Within the listing, each line that has the string "viên" should be copied.

→ Data under study
- - - - - - -
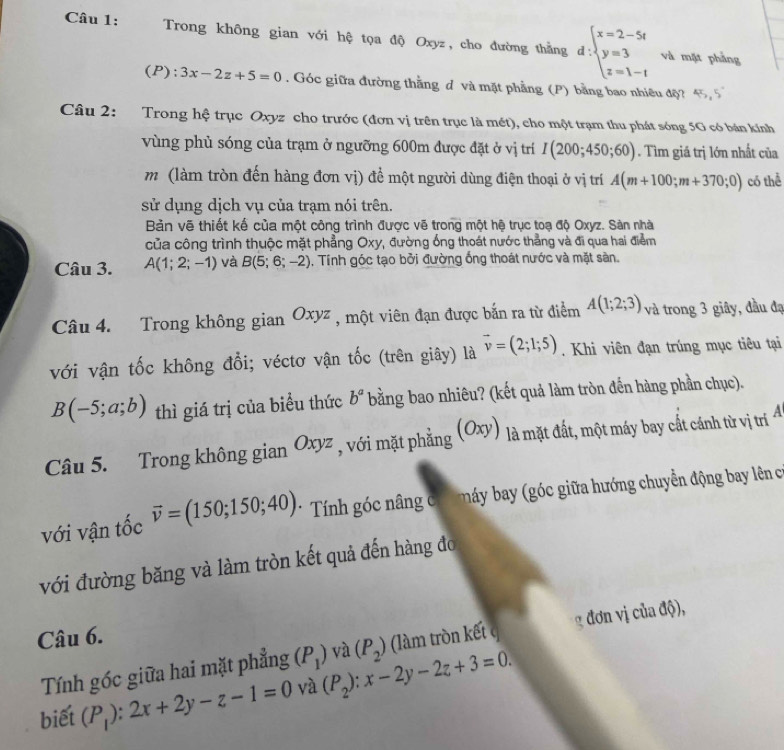 Trong không gian với hệ tọa độ Oxyz, cho đường thằng d:beginarrayl x=2-5t y=3 z=1-tendarray.
và mặt phẳng
(P ):3x-2z+5=0. Góc giữa đường thằng d và mặt phẳng (P) bằng bao nhiêu độ? 45,5°
Câu 2: Trong hệ trục Oxyz cho trước (đơn vị trên trục là mét), cho một trạm thu phát sóng 5G có bản kính
vùng phủ sóng của trạm ở ngưỡng 600m được đặt ở vị trí I(200;450;60). Tìm giá trị lớn nhất của
m (làm tròn đến hàng đơn vị) để một người dùng điện thoại ở vị trí A(m+100;m+370;0) có thể
sử dụng dịch vụ của trạm nói trên.
Bản vẽ thiết kế của một công trình được vẽ trong một hệ trục toạ độ Oxyz. Sản nhà
của công trình thuộc mặt phẳng Oxy, đường ống thoát nước thẳng và đi qua hai điểm
Câu 3. A(1;2;-1) và B(5;6;-2) , Tính góc tạo bởi đường ống thoát nước và mặt sàn.
Câu 4. Trong không gian Oxyz , một viên đạn được bắn ra từ điểm A(1;2;3). 3 và trong 3 giây, đầu đạ
với vận tốc không đổi; véctơ vận tốc (trên giây) là vector v=(2;1;5). Khi viên đạn trúng mục tiêu tại
B(-5;a;b) thì giá trị của biểu thức b^a bằng bao nhiêu? (kết quả làm tròn đến hàng phần chục).
Câu 5. Trong không gian Oxyz , với mặt phẳng : (Oxy) là mặt đất, một máy bay cất cánh từ vị trị 4
với vận tốc vector v=(150;150;40) * Tính góc nâng có  á  a     iữa hướng chuyển động bay lên c
với đường băng và làm tròn kết quả đến hàng đo
Câu 6.
Tính góc giữa hai mặt phẳng (P_1) và (làm tròn kết g đơn vị của độ),
biết (P_1):2x+2y-z-1=0 và (P_2):x-2y-2z+3=0. (P_2)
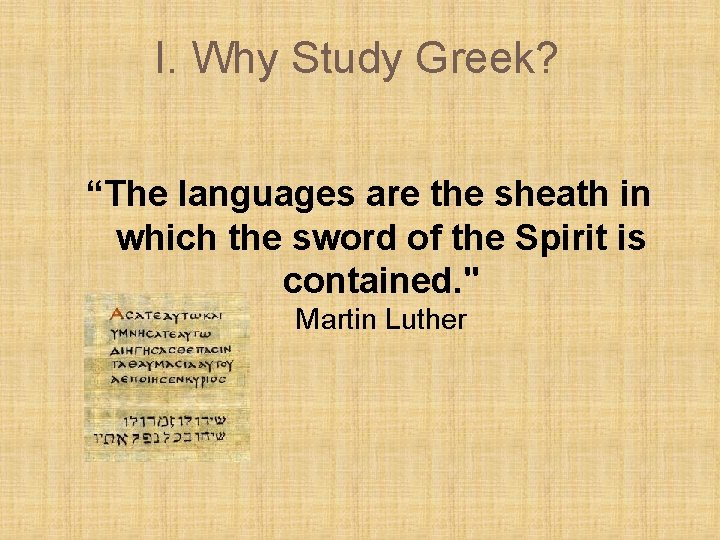 I. Why Study Greek? “The languages are the sheath in which the sword of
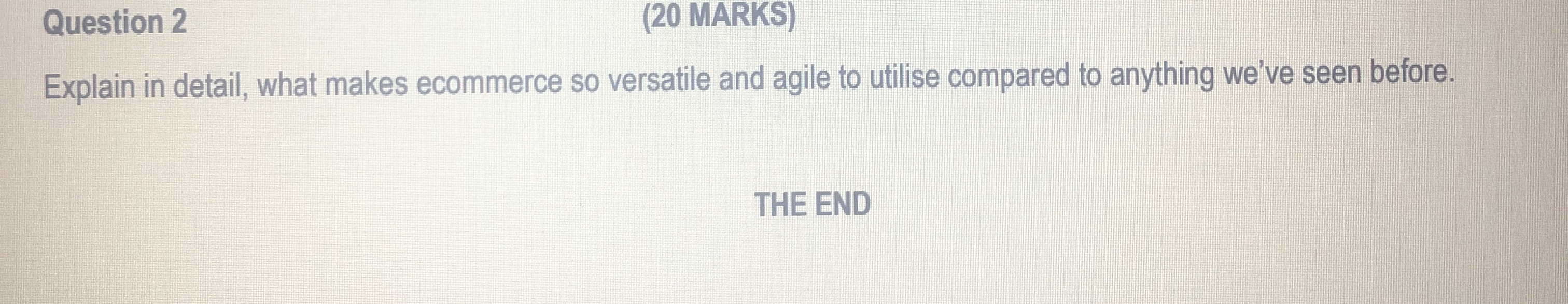  Question 2 (20 MARKS) Explain in detail, what makes ecommerce so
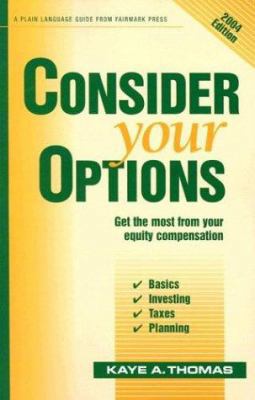 Consider Your Options: Get the Most from Your E... 0967498139 Book Cover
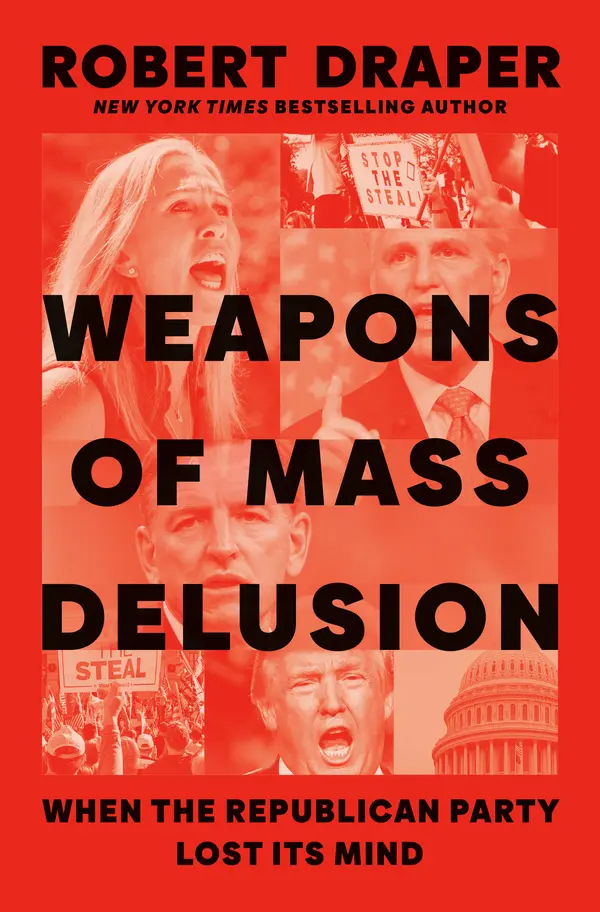 Weapons of Mass Delusion by Robert Draper cover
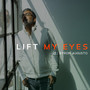 Lift My Eyes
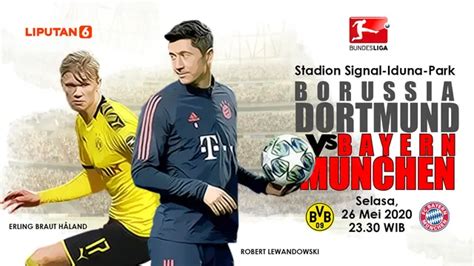 Pertarungan Antarsektor Borussia Dortmund Vs Bayern Munchen Bola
- - - - - - -
→ Answer below
Câu 4. Trong không gian Oxyz , một viên đạn được bắn ra từ điểm A(1;2;3). 3 và trong 3 giây, đầu đạ
với vận tốc không đổi; véctơ vận tốc (trên giây) là vector v=(2;1;5). Khi viên đạn trúng mục tiêu tại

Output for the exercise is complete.